Shiver me timbers! Microsoft has conducted its own investigation on the new PC market in Asia, and found that Windows piracy is quite a thing over there.
It’s downright insane — the number of computers that are sold with a pirated Windows license.
As reported, the technology giant purchased PCs between May and July from Asian markets in order to determine how many are shipped with counterfeit Windows licenses. And by that extension, preinstalled malware.
Well, the results are downright mind blowing!
100% of systems acquired in South Korea, Malaysia, Vietnam and Thailand come with pirated software, while the figure for Windows licenses that were not genuine came in at 91% in India and 90% in Indonesia.
Only Philippines was the country with the lowest rate of pirated Windows on new computers, and it reported numbers around the 43% mark.
Overall, no less than 83% of all computers Microsoft purchased from Asian markets were preloaded with unlicensed versions of Windows.
And not just that, the company also discovered malware to be installed on the majority of computers.
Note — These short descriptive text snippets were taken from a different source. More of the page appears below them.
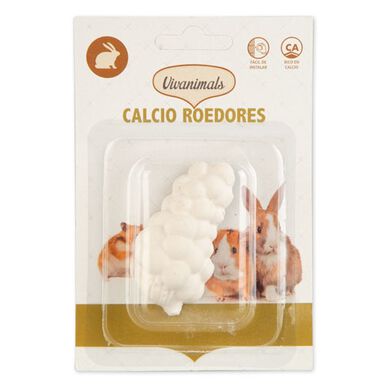 Vivanimals bloco de cálcio para roedores.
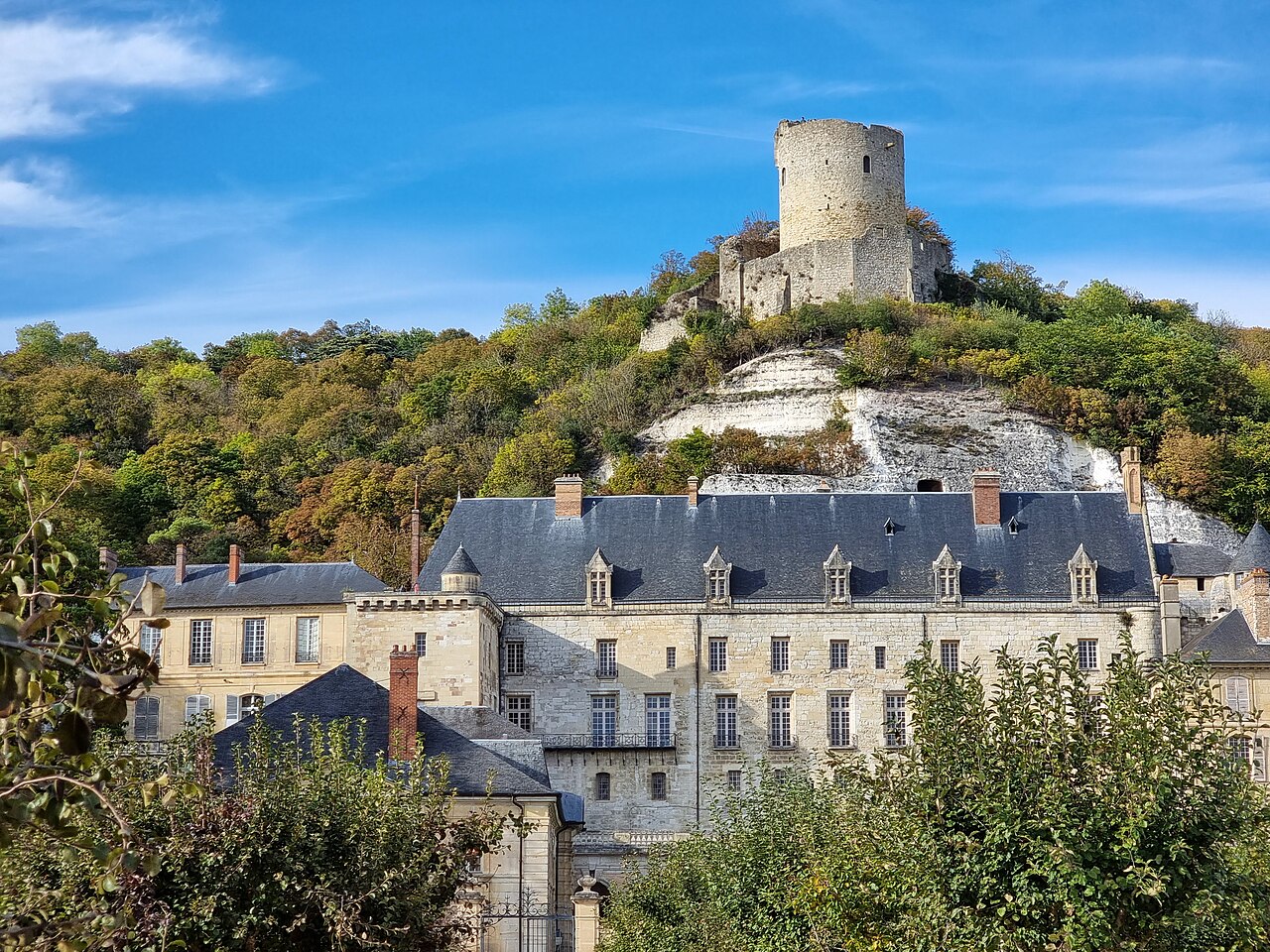 Château de La Roche-Guyon — France castle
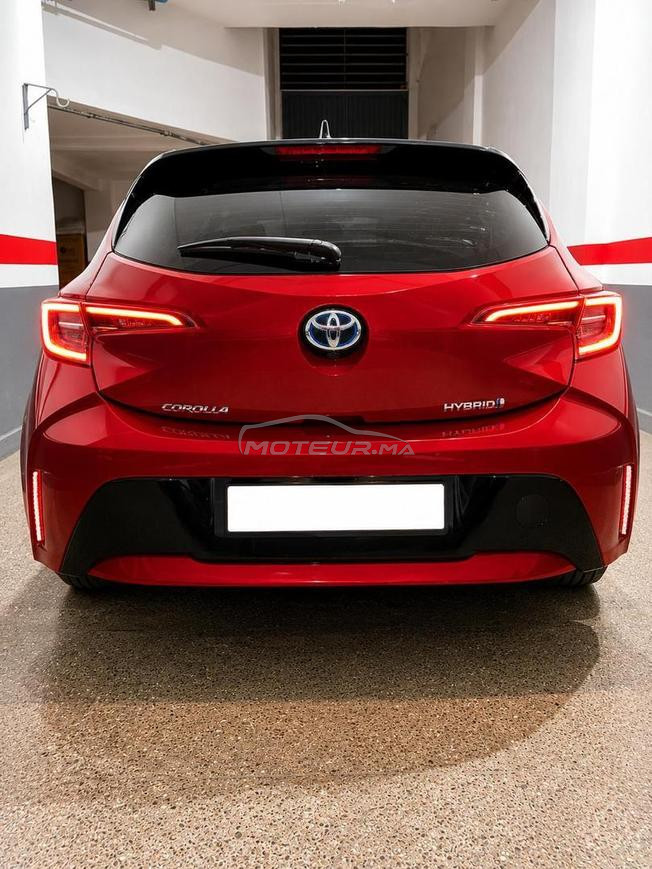 Toyota Corolla Hybride Automatique 2019 à Tanger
Suspicious software went hand in hand with coin miners on these PCs, which was put in place to generate revenue from certain parties without uses knowing about it.
Mary Jo Schrade, Assistant General Counsel and Regional Director of Digital Crimes Unit in Asia at the Microsoft in Singapore, talked about this, saying:
“Cybercriminals are constantly evolving their techniques to evade security measures and embedding their malware into pirated software is one of their tactics as it allows them to compromise large numbers of personal computers and access the amount of stolen credentials with ease.
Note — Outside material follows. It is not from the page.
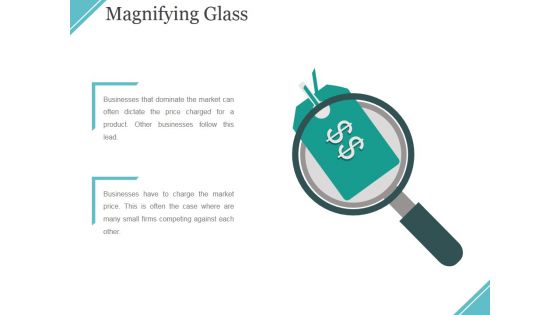 Magnifying Glass Ppt PowerPoint Presentation Infographic Template Gridlines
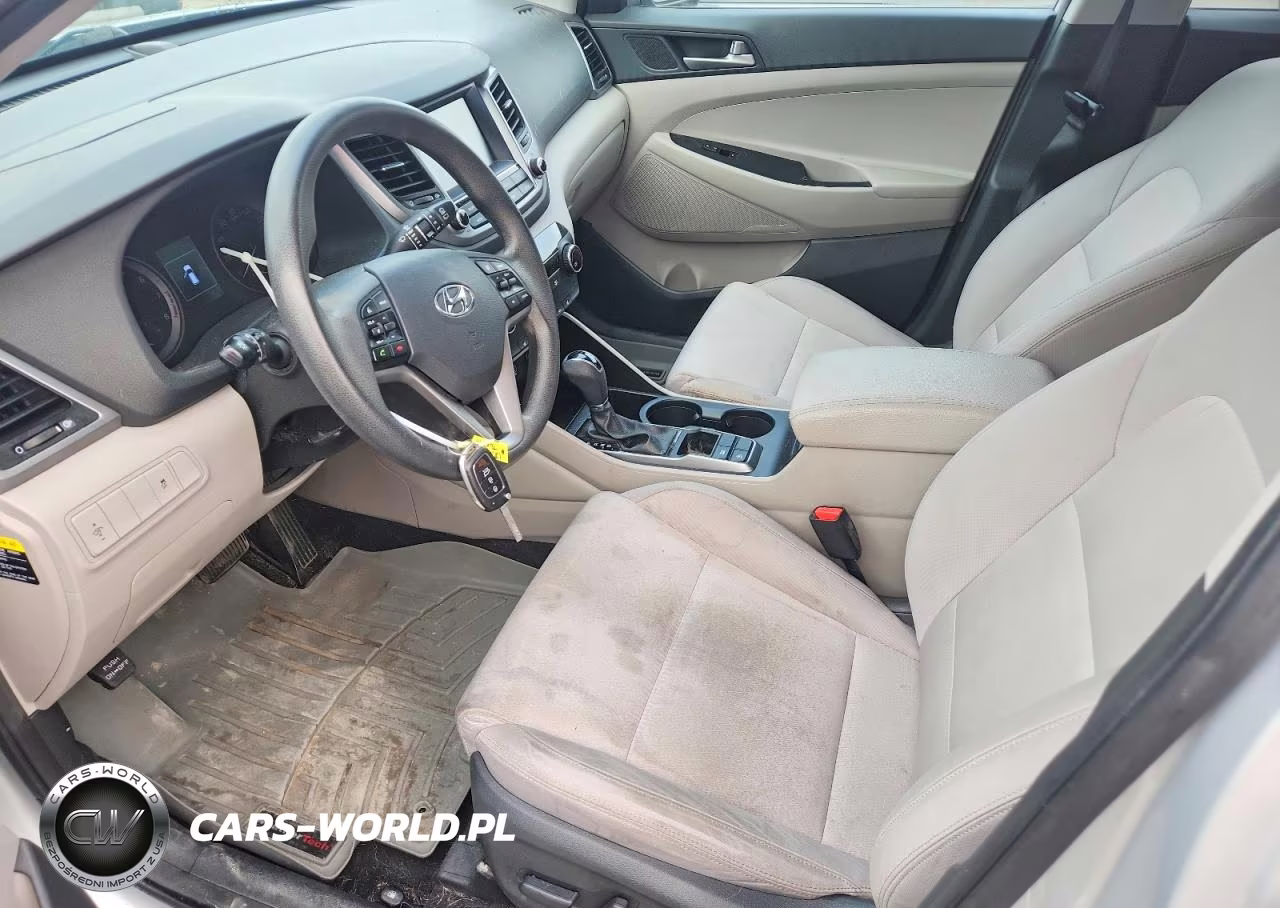 2018 Hyundai Tucson Sel VIN:KM8J33A42JU707198 - 7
When vendors sell pirated software containing malware in their personal computers, they are not only fueling the spread of malware in the region but are also putting their customers’ personal information and digital identity at the mercy of cybercriminals.”
Sad state of affairs, really.
The company has not revealed whether it plans to take any legal action against retailers selling pirated copies of Windows this way. But keeping in view past history, Redmond may consider such an option, particularly as it involves the operating system on new computers.